Os novos livros foram encaminhados ao TRE, juntamente com os antigos que foram rejeitados por ele, e teriam sido assinados por Saraiva Felipe em 2006, quando ele estava licenciado do cargo por ter assumido o de ministro da Saúde do governo federal. A assinatura teria sido por ele aposta a pedido do então presidente do diretório, deputado Fernando Diniz, já falecido, sob o argumento de que, afinal, se tratava das contas referentes ao período em que Saraiva Felipe ocupara a presidência do diretório.
Por outro lado, teria havido um equívoco nas contas, pois se teriam computado como gastos de pessoal despesas efetuadas com serviços técnicos, como honorários advocatícios.
Segundo a defesa de Saraiva Felipe, a utilização de livros-diário de contas era uma inovação, em 2004, pois antes o diretório preenchia um formulário fornecido pelo TRE -MG, contendo as diversas rubricas. E, durante algumas décadas, os honorários advocatícios, por exemplo, vinham sendo computados como despesas de pessoal.
Dolo
A questão central da discussão em torno da denúncia é se houve dolo (intenção) de falsear os livros-diário ou não. A corrente iniciada pelo relator, ministro Dias Toffoli, sustentou a ausência de dolo, enquanto o ministro Marco Aurélio, que abriu a divergência, sustentava que houve dolo, sim, já que os dados corretos deveriam constar dos primeiros livros.
Ele ponderou, também, que a aceitação da denúncia é a fase inicial do processo, não representando uma condenação. Isto porque, na fase posterior, de instrução, caberá ao MPE provar as denúncias por ele formuladas, enquanto o deputado terá toda oportunidade de sustentar ausência de culpa e dolo.
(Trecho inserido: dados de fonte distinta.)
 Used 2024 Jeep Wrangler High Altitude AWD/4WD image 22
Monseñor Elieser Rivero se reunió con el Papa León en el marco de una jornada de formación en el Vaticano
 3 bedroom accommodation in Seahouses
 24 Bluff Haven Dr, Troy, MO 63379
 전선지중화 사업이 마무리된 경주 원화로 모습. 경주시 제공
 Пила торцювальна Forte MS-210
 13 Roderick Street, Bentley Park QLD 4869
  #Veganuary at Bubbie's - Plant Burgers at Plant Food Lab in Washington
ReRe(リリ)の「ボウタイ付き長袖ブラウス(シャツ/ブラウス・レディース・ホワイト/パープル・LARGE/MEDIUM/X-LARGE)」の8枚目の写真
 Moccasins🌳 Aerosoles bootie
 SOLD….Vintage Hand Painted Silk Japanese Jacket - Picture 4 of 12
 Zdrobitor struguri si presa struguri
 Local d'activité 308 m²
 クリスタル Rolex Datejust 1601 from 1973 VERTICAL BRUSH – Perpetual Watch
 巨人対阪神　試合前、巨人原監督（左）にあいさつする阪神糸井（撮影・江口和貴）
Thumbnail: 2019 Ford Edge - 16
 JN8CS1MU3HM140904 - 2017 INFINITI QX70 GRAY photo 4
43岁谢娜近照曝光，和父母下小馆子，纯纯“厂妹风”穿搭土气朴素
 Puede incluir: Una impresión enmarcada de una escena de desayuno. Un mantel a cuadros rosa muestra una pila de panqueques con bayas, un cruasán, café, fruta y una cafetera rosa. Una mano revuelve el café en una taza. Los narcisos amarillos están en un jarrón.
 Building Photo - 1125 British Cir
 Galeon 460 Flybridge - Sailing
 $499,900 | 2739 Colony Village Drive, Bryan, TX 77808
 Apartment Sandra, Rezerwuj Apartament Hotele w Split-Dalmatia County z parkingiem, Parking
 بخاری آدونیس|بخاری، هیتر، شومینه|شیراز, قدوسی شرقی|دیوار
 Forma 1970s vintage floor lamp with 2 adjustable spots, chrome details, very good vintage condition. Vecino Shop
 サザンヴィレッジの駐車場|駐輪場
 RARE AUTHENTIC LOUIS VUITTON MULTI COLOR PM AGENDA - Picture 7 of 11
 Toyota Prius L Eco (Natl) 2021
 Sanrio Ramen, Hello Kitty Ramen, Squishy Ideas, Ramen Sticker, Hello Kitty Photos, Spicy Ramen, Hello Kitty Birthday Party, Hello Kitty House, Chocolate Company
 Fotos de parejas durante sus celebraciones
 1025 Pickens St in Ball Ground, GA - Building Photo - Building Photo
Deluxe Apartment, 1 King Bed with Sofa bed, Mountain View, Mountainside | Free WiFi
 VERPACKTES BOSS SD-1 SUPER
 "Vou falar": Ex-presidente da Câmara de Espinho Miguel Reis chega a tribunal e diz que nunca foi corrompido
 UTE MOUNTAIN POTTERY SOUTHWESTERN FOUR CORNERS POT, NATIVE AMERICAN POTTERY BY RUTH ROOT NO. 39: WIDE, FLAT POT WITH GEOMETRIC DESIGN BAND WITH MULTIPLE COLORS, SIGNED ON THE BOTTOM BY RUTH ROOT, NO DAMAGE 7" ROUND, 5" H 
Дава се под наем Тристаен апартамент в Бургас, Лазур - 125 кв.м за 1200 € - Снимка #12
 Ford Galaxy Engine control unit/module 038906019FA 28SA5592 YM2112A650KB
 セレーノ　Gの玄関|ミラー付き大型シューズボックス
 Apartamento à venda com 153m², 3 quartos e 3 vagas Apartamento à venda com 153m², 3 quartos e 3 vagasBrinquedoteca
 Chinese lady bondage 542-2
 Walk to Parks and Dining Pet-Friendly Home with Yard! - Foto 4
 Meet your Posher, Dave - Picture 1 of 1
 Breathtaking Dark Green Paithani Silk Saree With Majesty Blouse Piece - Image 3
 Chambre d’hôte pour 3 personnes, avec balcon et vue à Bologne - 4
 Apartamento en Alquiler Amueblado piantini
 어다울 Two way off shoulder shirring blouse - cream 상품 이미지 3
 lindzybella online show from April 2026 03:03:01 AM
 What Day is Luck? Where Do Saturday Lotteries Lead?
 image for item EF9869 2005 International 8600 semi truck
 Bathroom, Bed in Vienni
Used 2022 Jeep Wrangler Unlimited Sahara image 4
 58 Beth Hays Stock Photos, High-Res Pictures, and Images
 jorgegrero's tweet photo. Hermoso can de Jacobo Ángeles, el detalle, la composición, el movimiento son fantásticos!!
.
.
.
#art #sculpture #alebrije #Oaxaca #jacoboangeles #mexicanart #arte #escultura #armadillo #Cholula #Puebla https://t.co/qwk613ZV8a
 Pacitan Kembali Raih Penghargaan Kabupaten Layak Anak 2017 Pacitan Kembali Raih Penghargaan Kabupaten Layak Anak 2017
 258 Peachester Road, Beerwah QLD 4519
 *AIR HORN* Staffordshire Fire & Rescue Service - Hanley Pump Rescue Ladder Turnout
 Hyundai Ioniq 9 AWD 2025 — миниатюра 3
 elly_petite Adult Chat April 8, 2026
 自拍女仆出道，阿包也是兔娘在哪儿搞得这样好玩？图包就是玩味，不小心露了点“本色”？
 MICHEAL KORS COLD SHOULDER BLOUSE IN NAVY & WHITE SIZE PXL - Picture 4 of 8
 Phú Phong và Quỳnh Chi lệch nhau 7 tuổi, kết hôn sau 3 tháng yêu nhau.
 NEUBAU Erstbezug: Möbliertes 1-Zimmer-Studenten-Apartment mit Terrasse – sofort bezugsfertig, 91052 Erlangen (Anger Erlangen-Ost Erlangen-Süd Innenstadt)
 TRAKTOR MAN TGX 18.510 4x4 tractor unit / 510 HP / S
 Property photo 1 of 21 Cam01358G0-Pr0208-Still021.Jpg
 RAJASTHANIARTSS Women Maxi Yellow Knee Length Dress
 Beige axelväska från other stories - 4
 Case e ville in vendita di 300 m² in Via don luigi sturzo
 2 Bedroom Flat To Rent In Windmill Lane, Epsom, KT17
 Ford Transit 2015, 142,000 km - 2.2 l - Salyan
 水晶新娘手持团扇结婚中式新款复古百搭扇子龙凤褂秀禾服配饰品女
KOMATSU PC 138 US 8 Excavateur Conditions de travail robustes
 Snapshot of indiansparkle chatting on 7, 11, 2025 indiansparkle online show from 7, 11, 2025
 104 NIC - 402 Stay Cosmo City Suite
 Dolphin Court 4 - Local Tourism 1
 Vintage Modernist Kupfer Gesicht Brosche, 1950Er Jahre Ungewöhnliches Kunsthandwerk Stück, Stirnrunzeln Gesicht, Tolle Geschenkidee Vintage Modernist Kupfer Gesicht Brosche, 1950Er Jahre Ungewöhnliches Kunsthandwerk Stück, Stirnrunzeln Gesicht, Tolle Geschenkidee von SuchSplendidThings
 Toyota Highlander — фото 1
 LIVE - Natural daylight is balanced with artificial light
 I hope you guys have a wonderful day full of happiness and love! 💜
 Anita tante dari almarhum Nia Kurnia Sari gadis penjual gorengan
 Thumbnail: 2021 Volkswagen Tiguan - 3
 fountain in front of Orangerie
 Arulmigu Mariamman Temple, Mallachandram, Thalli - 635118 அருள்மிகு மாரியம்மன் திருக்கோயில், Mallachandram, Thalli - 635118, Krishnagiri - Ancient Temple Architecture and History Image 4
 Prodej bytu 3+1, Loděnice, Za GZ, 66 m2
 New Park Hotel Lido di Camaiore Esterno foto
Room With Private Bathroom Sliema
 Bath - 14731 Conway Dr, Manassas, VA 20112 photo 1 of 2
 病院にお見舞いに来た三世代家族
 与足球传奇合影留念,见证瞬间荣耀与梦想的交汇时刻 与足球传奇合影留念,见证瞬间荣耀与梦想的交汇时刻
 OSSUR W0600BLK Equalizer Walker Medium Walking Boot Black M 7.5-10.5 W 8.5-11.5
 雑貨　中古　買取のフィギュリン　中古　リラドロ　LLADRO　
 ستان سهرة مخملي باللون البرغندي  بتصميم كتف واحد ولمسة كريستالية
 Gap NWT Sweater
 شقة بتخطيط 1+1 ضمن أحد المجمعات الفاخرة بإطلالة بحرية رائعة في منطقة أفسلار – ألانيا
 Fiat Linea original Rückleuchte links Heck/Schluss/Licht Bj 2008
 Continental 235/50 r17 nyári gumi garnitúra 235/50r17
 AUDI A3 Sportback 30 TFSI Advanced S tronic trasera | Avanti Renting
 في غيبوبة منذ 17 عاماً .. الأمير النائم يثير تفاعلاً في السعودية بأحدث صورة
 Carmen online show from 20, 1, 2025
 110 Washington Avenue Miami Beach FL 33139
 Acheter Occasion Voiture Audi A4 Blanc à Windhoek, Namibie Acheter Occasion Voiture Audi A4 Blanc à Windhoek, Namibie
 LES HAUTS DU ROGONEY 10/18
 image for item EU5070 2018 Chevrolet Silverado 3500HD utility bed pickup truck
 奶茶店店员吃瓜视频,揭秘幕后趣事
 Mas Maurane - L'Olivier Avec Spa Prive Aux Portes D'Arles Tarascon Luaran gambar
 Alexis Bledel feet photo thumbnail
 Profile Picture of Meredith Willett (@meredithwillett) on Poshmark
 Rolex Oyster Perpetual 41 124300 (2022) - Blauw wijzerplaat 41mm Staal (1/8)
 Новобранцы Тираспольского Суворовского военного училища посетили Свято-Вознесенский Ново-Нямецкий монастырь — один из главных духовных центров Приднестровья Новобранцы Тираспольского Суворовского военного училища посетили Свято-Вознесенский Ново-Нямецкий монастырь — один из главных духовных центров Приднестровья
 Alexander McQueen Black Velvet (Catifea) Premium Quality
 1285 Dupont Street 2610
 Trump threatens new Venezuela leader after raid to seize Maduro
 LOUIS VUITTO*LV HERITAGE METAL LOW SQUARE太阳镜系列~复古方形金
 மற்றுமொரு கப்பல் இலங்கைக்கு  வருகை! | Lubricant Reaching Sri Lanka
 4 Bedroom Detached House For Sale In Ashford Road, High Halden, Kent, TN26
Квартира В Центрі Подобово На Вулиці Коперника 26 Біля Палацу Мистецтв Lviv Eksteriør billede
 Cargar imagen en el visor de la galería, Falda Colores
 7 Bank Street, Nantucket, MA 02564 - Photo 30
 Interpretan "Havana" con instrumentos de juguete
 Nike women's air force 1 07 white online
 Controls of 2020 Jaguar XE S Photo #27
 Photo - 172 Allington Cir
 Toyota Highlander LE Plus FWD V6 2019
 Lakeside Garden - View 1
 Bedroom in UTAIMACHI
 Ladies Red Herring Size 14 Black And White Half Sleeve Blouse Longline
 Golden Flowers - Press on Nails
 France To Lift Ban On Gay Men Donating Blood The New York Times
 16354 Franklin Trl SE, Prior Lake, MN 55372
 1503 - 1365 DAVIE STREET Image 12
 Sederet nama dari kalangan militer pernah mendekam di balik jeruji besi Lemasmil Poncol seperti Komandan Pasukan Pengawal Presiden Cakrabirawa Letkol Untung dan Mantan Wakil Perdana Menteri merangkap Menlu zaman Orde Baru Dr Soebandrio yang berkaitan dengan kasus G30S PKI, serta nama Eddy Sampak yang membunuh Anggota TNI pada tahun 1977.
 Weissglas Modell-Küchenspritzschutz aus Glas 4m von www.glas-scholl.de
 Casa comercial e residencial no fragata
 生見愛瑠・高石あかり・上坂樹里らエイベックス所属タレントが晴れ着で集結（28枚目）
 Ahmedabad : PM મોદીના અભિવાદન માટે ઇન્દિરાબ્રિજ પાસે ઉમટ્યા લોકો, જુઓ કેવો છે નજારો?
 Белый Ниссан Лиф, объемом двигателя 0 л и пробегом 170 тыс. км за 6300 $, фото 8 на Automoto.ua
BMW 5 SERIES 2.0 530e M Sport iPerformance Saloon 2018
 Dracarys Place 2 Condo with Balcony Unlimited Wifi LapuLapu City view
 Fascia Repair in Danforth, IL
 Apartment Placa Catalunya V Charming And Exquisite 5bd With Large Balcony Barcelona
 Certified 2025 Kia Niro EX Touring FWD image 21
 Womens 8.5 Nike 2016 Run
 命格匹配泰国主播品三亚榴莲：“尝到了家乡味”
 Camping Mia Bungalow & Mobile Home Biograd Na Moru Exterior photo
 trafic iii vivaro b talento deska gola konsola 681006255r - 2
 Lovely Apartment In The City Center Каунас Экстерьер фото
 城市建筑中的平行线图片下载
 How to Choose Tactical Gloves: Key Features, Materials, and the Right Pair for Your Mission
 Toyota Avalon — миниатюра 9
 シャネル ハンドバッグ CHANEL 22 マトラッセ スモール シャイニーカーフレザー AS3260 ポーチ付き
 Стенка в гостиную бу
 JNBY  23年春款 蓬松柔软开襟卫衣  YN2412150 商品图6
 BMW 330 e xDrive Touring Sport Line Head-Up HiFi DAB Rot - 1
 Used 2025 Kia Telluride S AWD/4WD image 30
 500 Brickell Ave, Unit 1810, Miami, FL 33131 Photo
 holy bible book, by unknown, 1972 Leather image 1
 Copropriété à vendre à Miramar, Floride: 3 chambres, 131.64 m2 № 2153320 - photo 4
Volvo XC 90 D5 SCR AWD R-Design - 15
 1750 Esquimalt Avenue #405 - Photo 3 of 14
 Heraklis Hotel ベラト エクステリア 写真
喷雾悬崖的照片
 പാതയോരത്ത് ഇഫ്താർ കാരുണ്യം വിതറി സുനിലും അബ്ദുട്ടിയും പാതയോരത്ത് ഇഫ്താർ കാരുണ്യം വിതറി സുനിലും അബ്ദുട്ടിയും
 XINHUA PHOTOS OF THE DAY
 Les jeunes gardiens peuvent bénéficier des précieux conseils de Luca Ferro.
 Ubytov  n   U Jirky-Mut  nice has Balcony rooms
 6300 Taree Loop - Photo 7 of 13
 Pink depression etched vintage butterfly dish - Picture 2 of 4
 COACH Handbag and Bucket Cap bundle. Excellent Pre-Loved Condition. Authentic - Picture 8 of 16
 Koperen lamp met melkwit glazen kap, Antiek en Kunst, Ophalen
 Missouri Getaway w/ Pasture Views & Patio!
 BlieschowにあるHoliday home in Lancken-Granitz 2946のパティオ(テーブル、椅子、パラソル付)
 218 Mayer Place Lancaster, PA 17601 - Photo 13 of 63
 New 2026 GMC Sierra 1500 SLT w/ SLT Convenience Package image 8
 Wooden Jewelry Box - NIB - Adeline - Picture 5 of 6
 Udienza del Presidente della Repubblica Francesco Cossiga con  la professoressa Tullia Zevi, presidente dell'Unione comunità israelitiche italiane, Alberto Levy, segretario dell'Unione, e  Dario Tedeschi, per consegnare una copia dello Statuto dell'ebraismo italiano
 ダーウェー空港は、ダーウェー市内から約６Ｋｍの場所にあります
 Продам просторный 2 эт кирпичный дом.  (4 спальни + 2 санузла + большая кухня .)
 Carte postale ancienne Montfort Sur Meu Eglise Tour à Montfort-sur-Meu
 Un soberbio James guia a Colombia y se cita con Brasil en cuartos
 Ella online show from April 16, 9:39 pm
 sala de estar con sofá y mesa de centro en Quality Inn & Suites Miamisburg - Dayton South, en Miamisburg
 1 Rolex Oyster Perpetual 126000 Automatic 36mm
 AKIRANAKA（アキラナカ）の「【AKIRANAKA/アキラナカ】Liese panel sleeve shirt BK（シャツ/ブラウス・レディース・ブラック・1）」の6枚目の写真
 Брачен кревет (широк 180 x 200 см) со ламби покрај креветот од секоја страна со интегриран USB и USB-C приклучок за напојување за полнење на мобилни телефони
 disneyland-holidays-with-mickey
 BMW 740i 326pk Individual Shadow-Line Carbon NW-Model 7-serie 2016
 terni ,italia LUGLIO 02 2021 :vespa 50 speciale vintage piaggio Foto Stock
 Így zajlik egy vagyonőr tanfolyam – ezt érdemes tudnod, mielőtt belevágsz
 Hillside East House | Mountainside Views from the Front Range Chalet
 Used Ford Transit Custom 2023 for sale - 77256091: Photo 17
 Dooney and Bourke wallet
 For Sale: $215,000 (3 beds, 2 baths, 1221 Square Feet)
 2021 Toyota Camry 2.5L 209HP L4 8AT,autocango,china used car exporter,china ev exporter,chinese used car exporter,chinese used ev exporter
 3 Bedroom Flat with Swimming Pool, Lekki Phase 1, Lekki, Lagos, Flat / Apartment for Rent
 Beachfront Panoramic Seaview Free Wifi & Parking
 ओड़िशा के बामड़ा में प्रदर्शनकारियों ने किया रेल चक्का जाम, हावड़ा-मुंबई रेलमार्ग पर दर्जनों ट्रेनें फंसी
Ainda segundo o ministro Marco Aurélio, os novos livros foram elaborados diante da desaprovação das contas pelo TRE-MG, não só por causa de uma exigência de retificação.
Rejeição
Ainda sem proferir seu voto, o presidente do STF, ministro Cezar Peluso, ponderou sobre a viabilidade de receber ou não a denúncia, “pois ela não diz onde está, nos novos livros, o diverso da realidade”. Segundo ele, é esse o ponto central da discussão: se houve ato omissivo ou comissivo, conforme previsão do artigo 350 do Código Eleitoral.
Define esse artigo como crime eleitoral, punido com reclusão de até cinco anos e pagamento de cinco a 15 dias-multa, se o documento é público, e reclusão até três anos e pagamento de três a dez dias-multa, se o documento é particular: “Omitir, em documento público ou particular, declaração que dele devia constar, ou nele inserir ou fazer inserir declaração falsa ou diversa da que devia ser escrita, para fins eleitorais”.
Ainda conforme o mesmo artigo, a pena é agravada se o agente é funcionário público e comete o crime prevalecendo-se do cargo, ou se a falsificação ou alteração é de assentamentos de registro civil.
Para o ministro Gilmar Mendes, que antecipou seu voto para acompanhar o do relator, “não há dolo”. Segundo ele, os segundos livros foram acompanhados dos primeiros, o que prova que não houve intenção de falsear. “Não há dolo capaz de justificar o recebimento da denúncia”, sustentou ele. “A denúncia tem um significado, um alcance para a vida pública. A denúncia inepta deve ser afastada, porque a denúncia, em si só, já é um fardo para o homem público. Não se pode receber a denúncia só para instruir o processo e depois absolver”.
Vista
O ministro Ricardo Lewandowski justificou seu pedido de vista com o argumento de que quer estudar melhor o caso. Disse ter em mãos um documento subscrito pelo presidente do TRE mineiro e encaminhado a ele, na qualidade de presidente do Tribunal Superior Eleitoral (TSE), segundo o qual o diretório regional do PMDB mineiro efetuou alterações na prestação de contas referente a 2004, após encerrado aquele exercício. E, ainda conforme o ministro, do mesmo documento consta que haveria, na nova prestação de contas, registros que não constavam no livro original de 2004.
Conforme essa informação do TRE, segundo ainda o ministro Ricardo Lewandowski, “há divergência clara entre os livros originais e os posteriormente apresentados”.